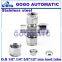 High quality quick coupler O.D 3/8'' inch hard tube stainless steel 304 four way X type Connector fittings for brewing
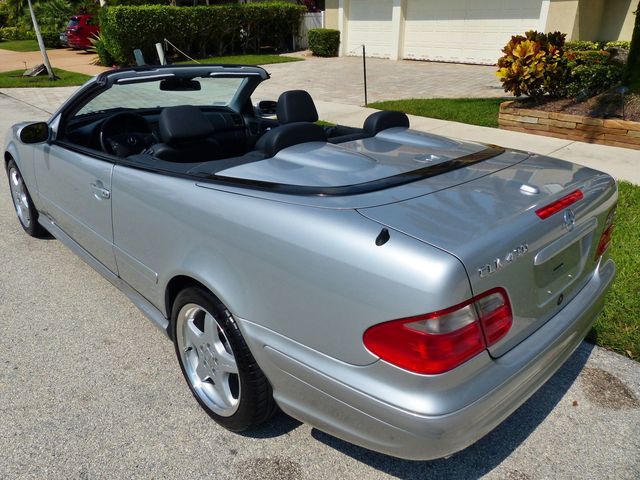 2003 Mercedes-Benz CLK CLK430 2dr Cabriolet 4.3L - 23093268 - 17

____________

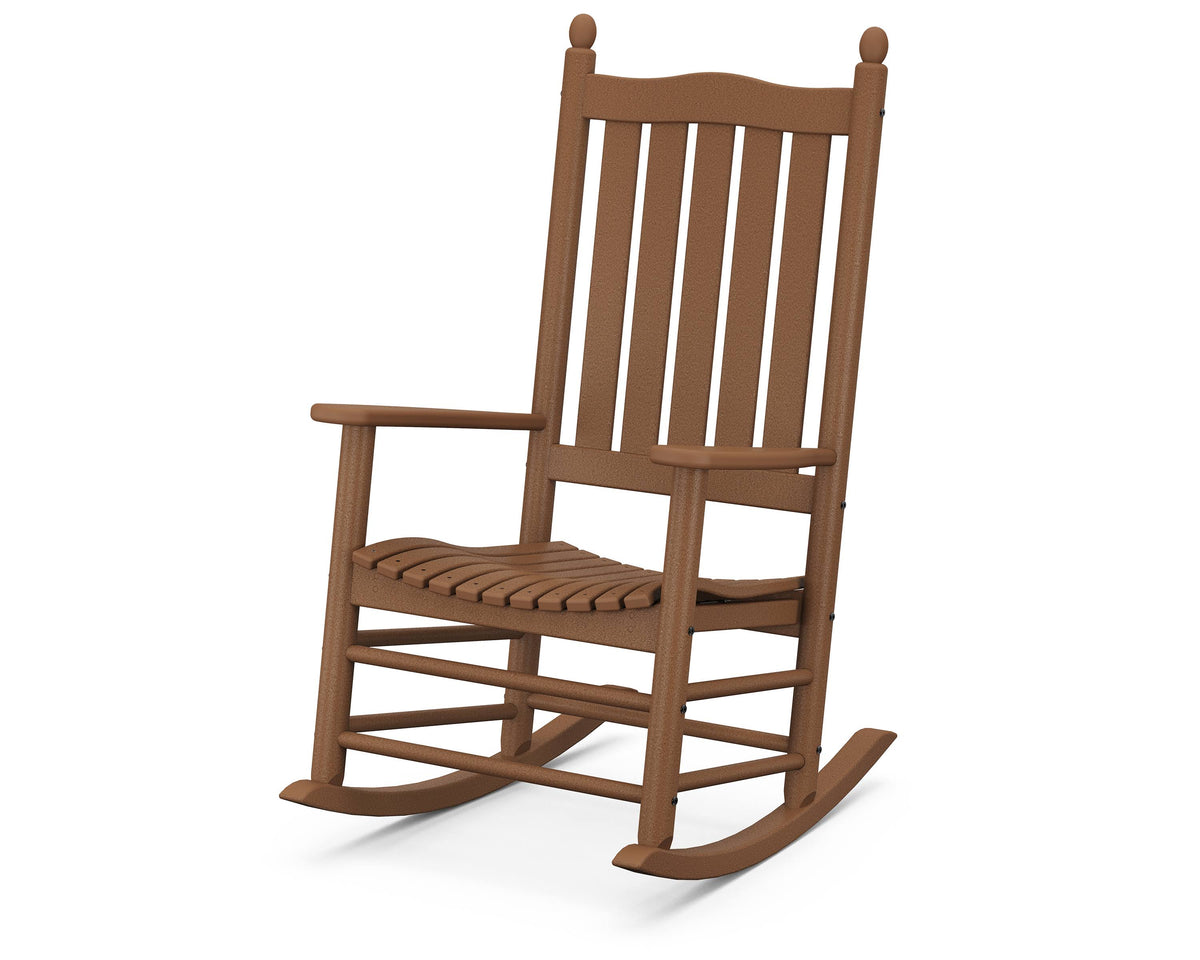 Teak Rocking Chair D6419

____________

■ **WHAT IS REQUIRED**
Copy everything above from the line holding "High quality quick" down to the line holding "2003 Mercedes-Benz CLK", both ends included, exactly as it stands and without the pictures.

■ **ANSWER**
 High quality quick coupler O.D 3/8'' inch hard tube stainless steel 304 four way X type Connector fittings for brewing
 2003 Mercedes-Benz CLK CLK430 2dr Cabriolet 4.3L - 23093268 - 17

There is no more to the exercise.